* Supplied material
»»
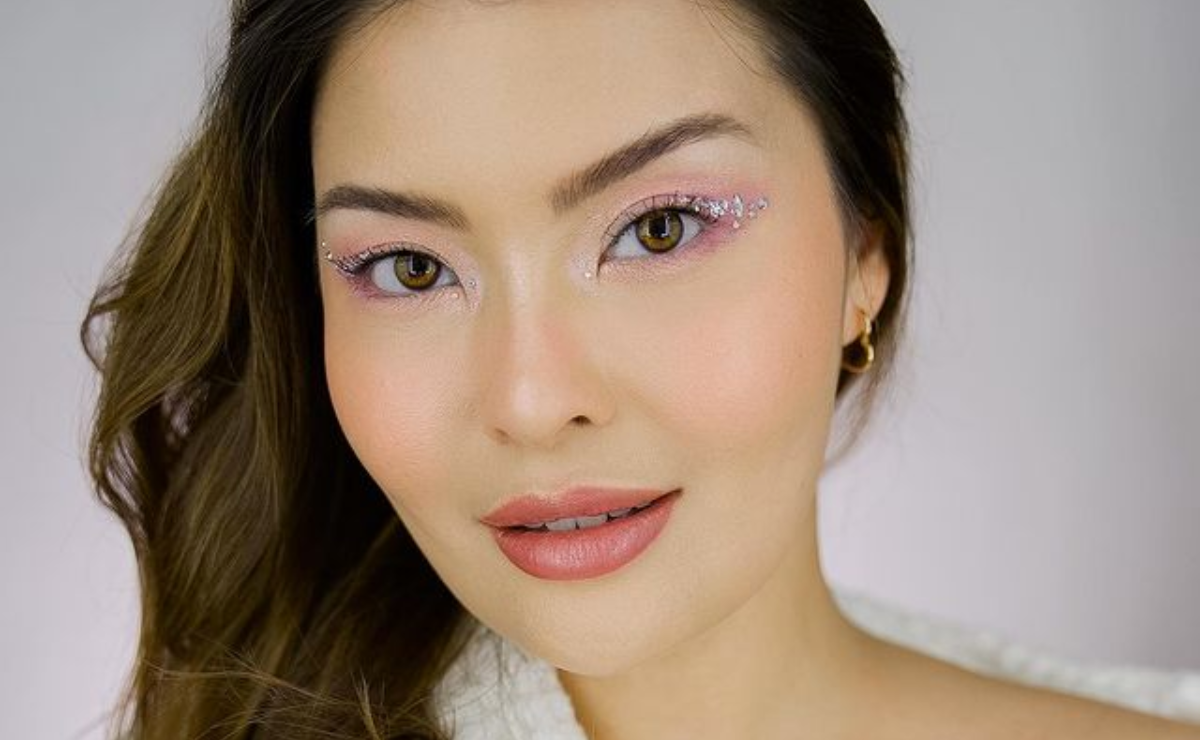 5 ideias de títulos:
1. Maquiagem Capilar: O Guia Completo para Cobrir Cabelos Brancos e Falhas
2. Tipos de Maquiagem para Cabelo: Encontre a Solução Ideal para Você
3. Benefícios e Cuidados Essenciais ao Usar Maquiagem Capilar
4. Como Aplicar Maquiagem Capilar: Dicas para um Resultado Natural
5. Maquiagem Capilar vs. Tintura: Qual a Melhor Opção para Retocar a Raiz?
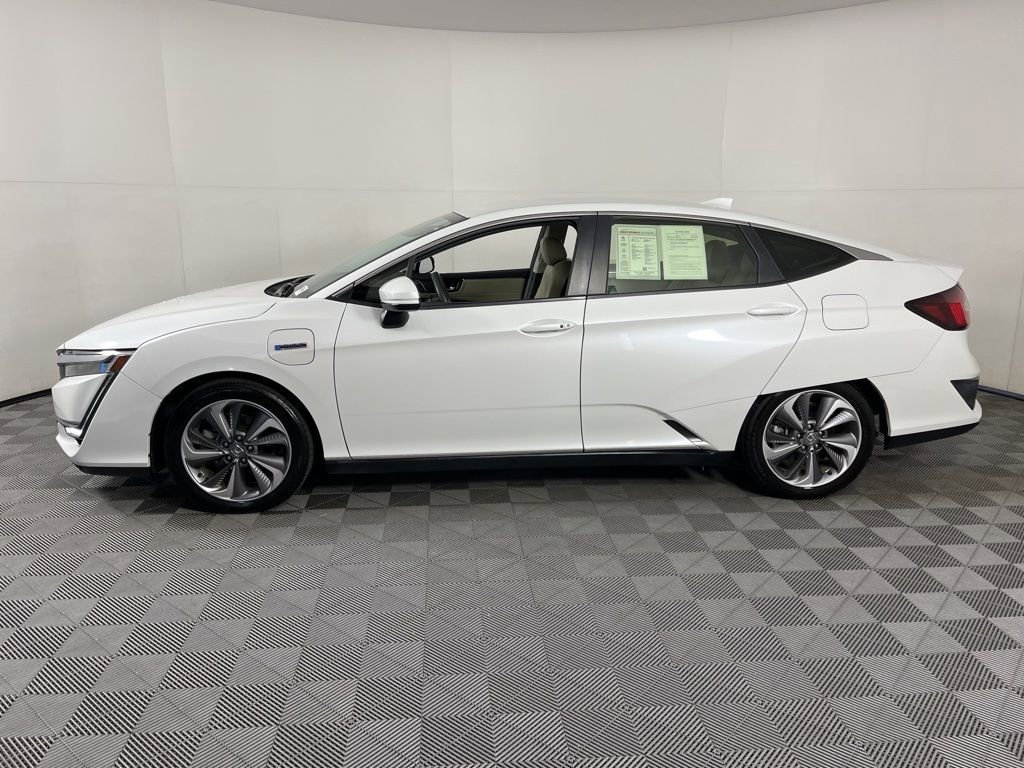 Certified 2018 Honda Clarity Plug-In Hybrid image 2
««
* Exercise aim
I'd like the lines above from the one with "2. Tipos de" up to and including the one with "5. Maquiagem Capilar" copied exactly, with no other lines.

* Task solution
2. Tipos de Maquiagem para Cabelo: Encontre a Solução Ideal para Você
3. Benefícios e Cuidados Essenciais ao Usar Maquiagem Capilar
4. Como Aplicar Maquiagem Capilar: Dicas para um Resultado Natural
5. Maquiagem Capilar vs. Tintura: Qual a Melhor Opção para Retocar a Raiz?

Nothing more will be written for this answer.